As the hours dwindle down to the election on Tuesday, the talk Sunday was still about the economy and the two-sided coin of tax cuts and the deficit. On This Week with Christiane Amanpour, Sens. Robert Menendez, D-N.J., and John Cornyn, R-Texas, squared off about both.
Amanpour’s question to Menendez about whether this election would be “as bad as 1994” brought a resounding no. He stated that the Republican brand’s “image was much better [in 1994] than it is today,” and that Democrats are faring better than they did then. He added that the Democrats’ “goal is to have them understand and channel their anger on election day against the Republican Party that brought us to the verge of economic collapse in November of 2008, when financial institutions in this country were ready to collapse.”

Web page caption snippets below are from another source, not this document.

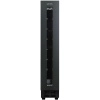 Купить встраиваемый винный шкаф Meyvel MV9NH-KBT1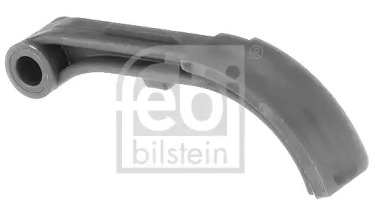 Напрямна ланцюга Febi Bilstein 25050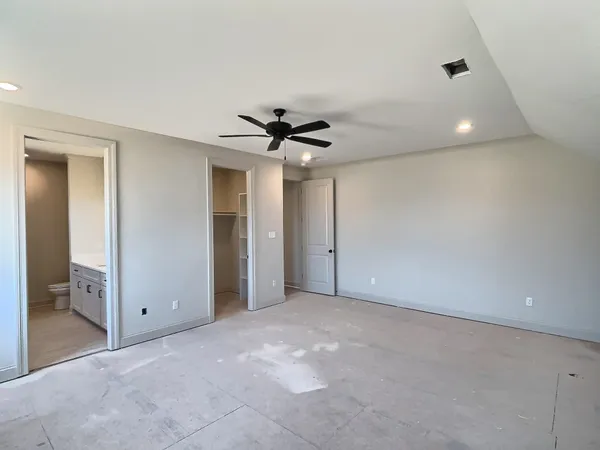 $1,225,000 | 1549 Paso Fino Trail, Collierville, TN 38017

Amanpour challenged him about that. “A recent Bloomberg poll found that most Americans think that taxes have gone up since President Obama took office;” she said, “that the economy has shrunk; that TARP, the corporate bailout, won't be mostly paid back. I mean, all of those are untrue. Why is the messaging so bad?”
Menendez replied that “I think the challenge is, when you're hurting economically—and we have gone from negative job growth to positive job growth, from negative GDP growth to positive GDP growth—but if you're still unemployed, none of that news makes that much difference to you.”